- **Exercise goal**
Look below for the line containing "Podemos preparar huevos", then write out that line and every line after it to the end, exactly, minus the pictures.

Short web captions:
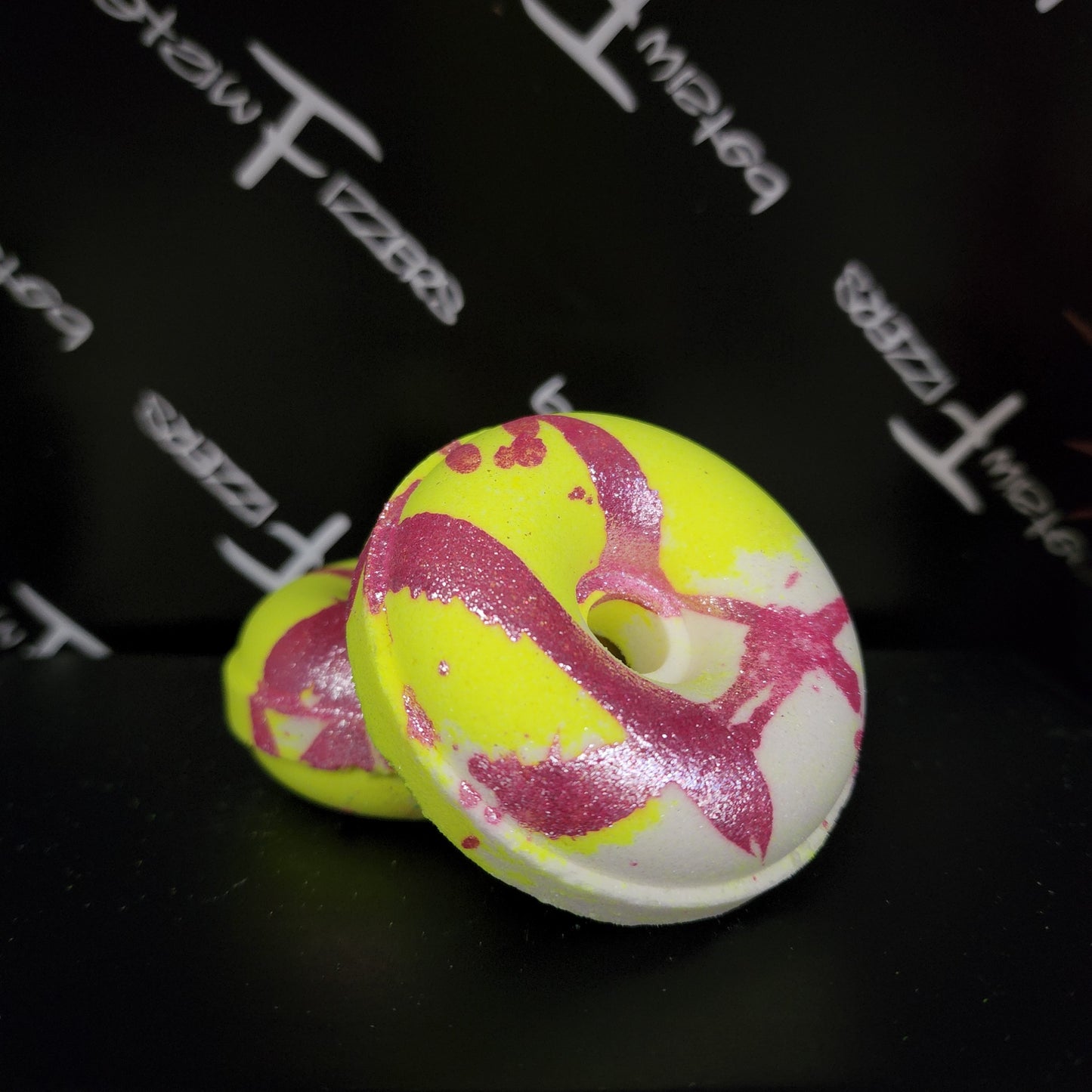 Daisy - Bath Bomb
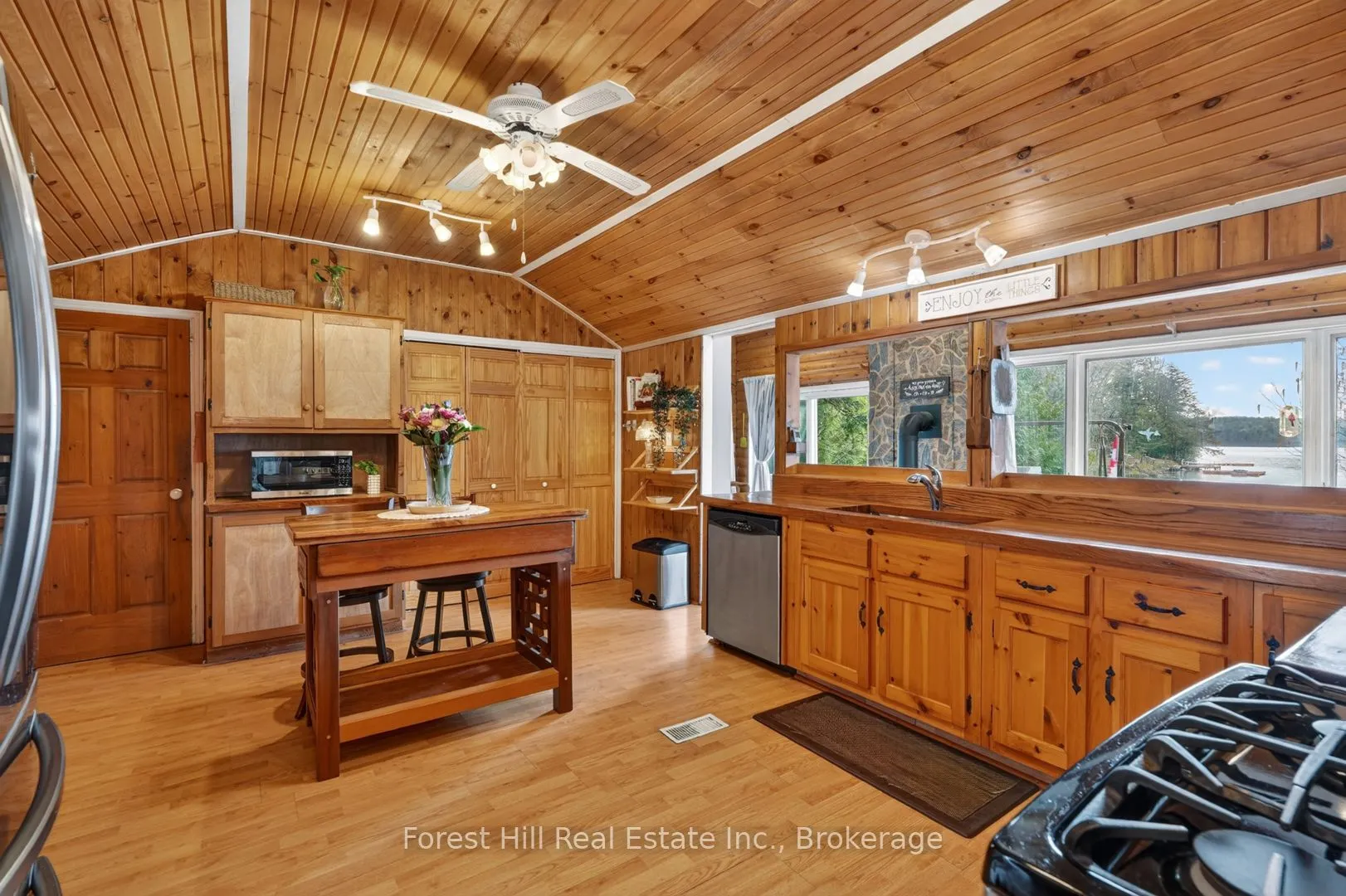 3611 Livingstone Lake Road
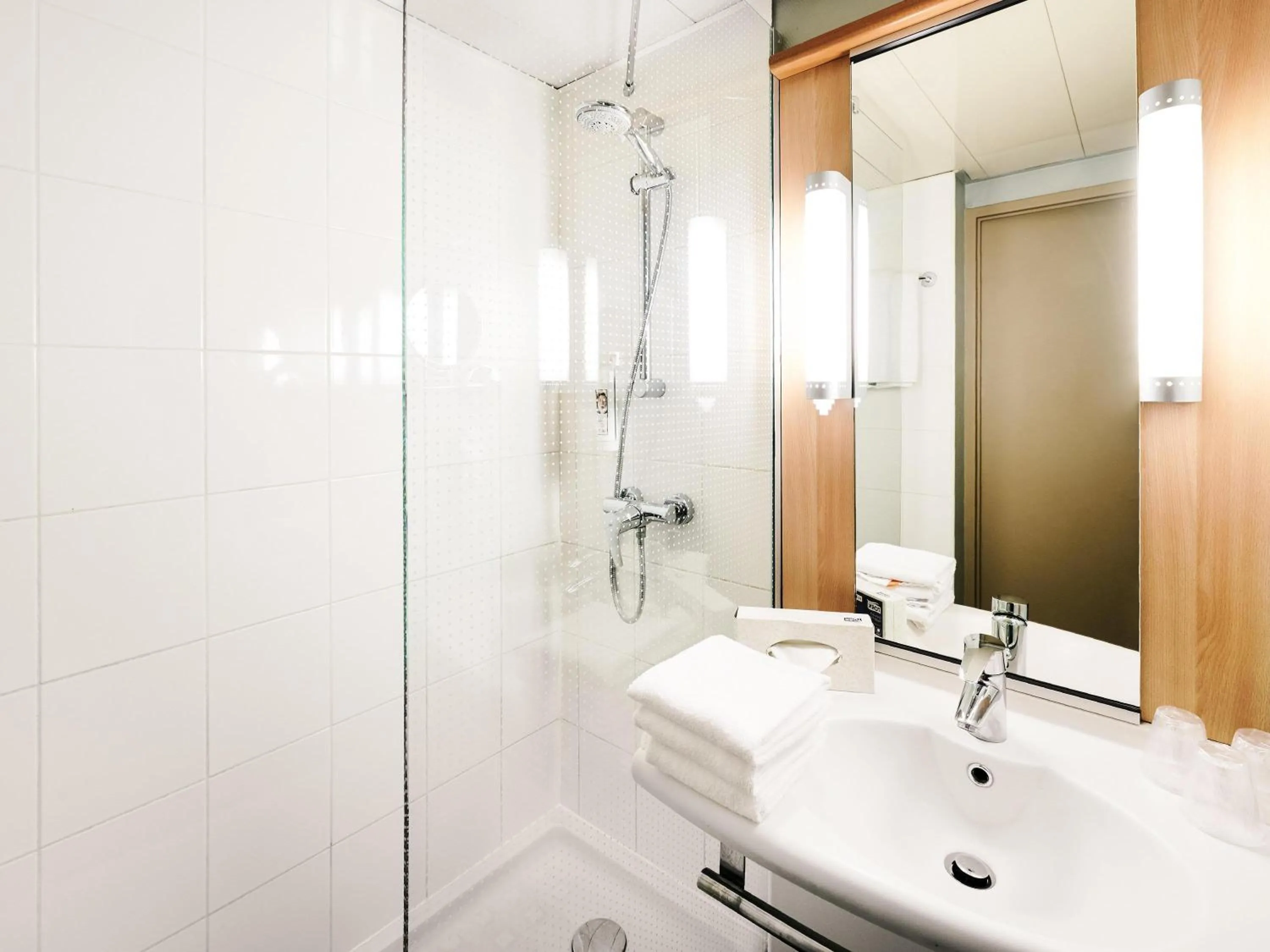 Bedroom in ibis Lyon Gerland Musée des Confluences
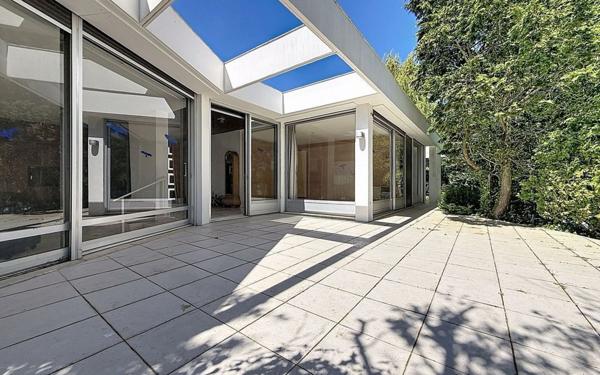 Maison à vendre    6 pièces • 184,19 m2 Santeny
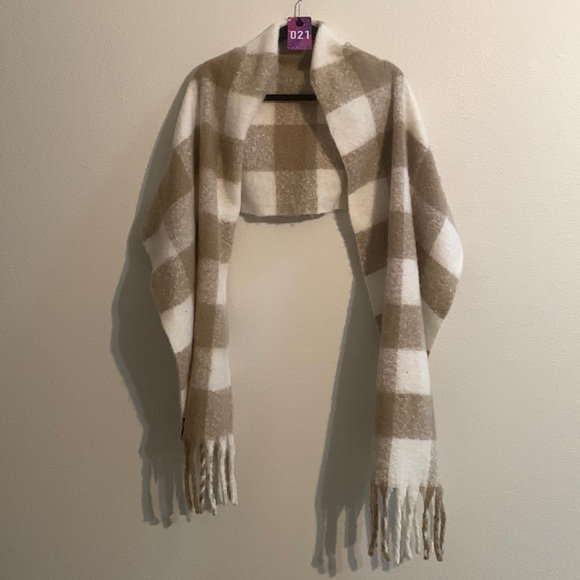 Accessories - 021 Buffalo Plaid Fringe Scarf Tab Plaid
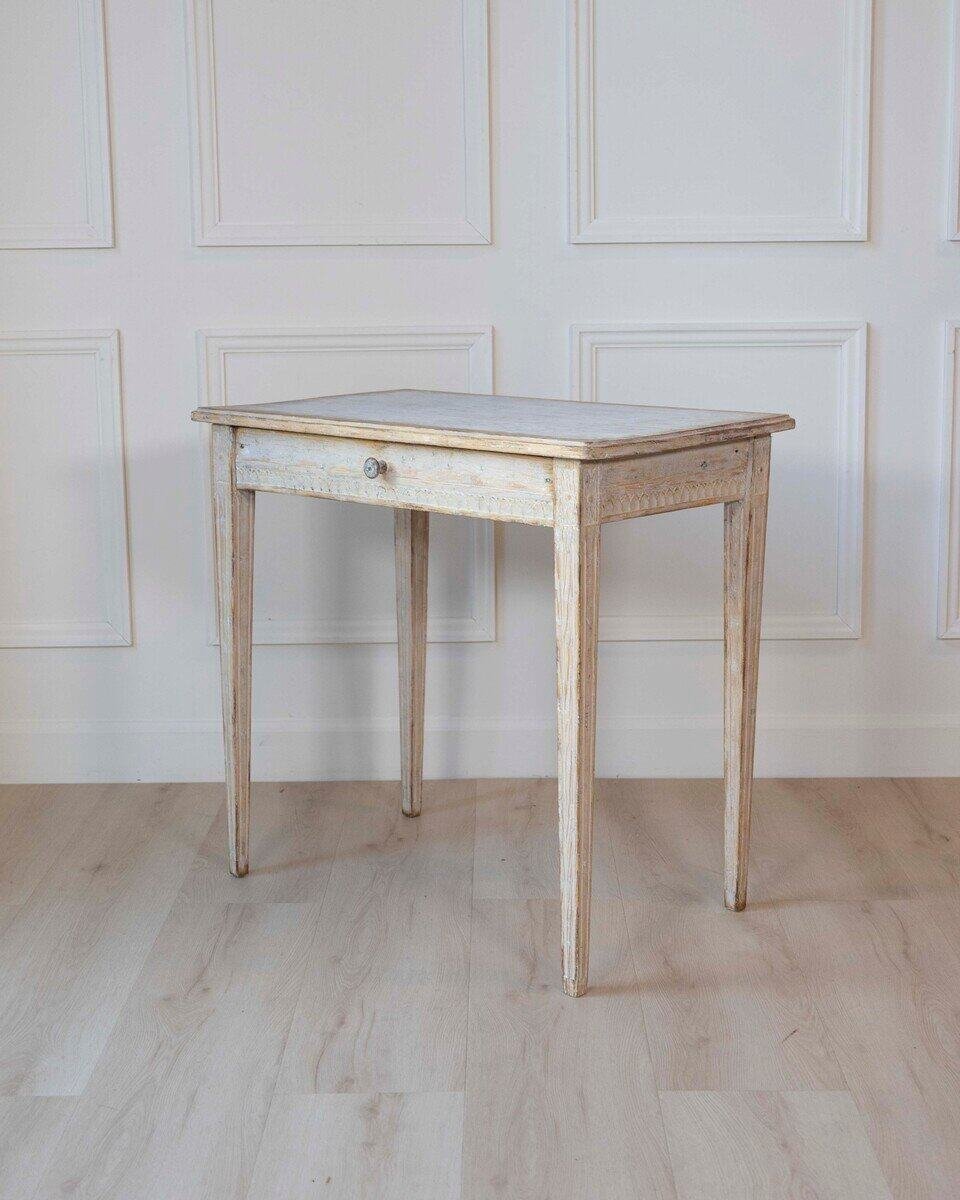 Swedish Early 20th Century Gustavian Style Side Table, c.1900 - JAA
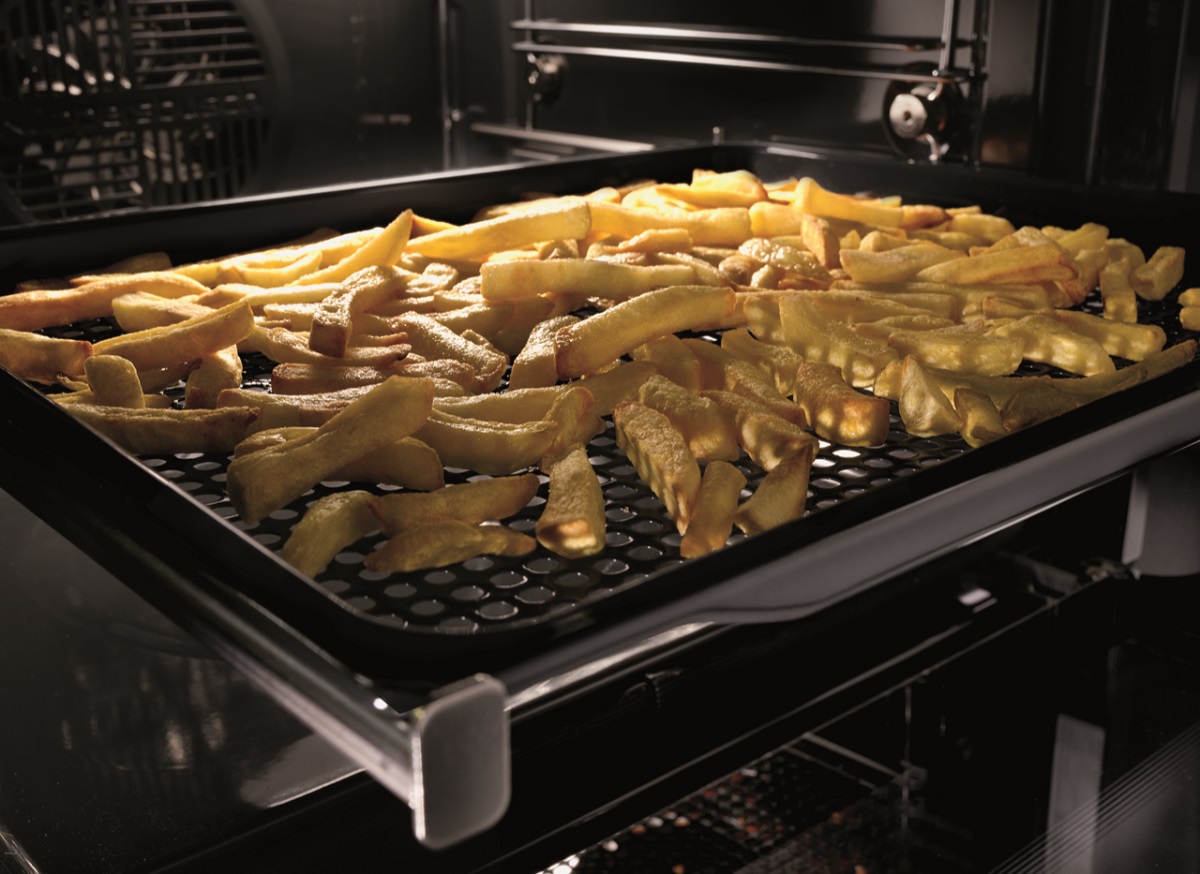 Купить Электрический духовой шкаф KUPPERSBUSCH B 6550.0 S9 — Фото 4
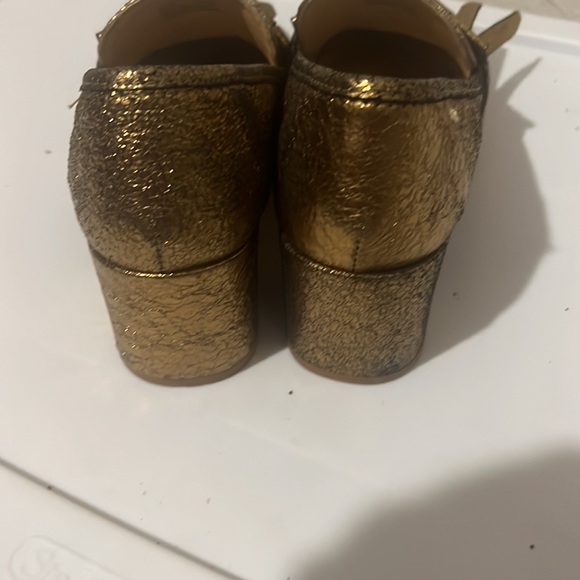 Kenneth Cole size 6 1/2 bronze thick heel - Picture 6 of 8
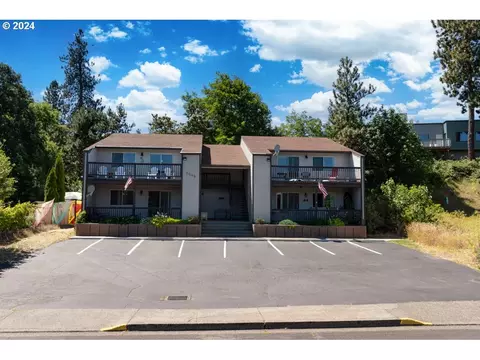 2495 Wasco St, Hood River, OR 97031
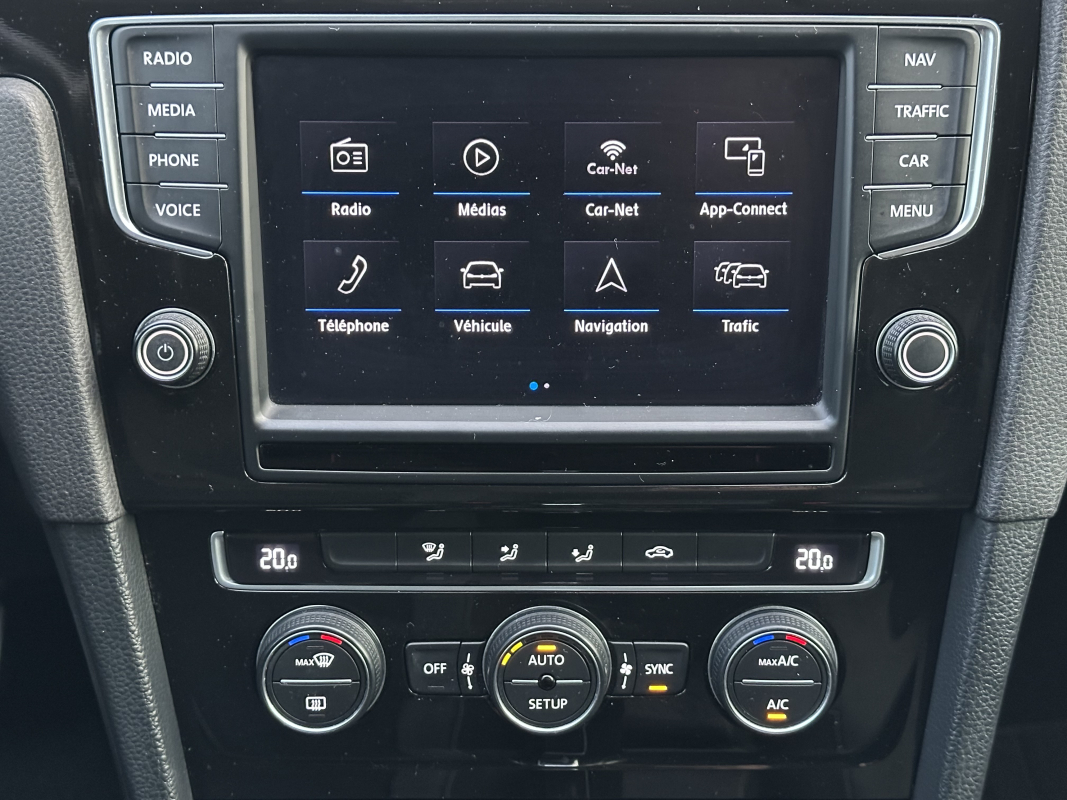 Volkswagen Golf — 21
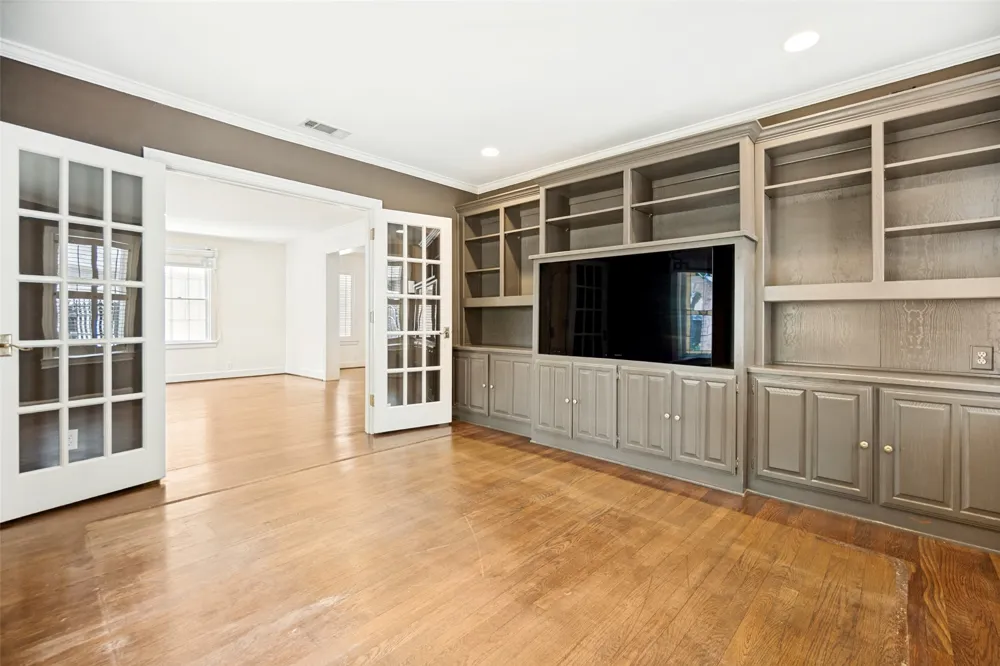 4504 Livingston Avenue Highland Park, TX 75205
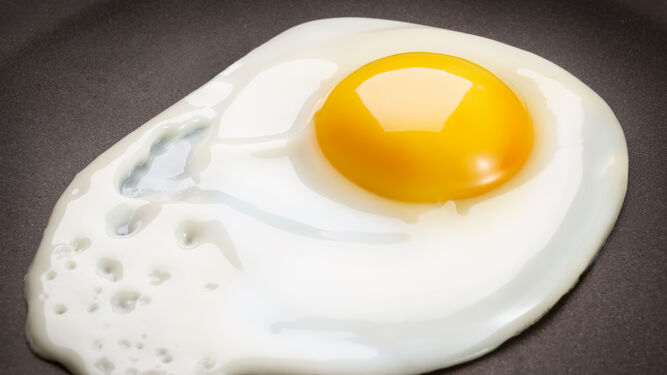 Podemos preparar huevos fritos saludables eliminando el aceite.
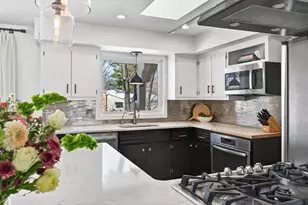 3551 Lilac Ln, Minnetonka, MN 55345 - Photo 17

- **Exercise output**
 Podemos preparar huevos fritos saludables eliminando el aceite.
 3551 Lilac Ln, Minnetonka, MN 55345 - Photo 17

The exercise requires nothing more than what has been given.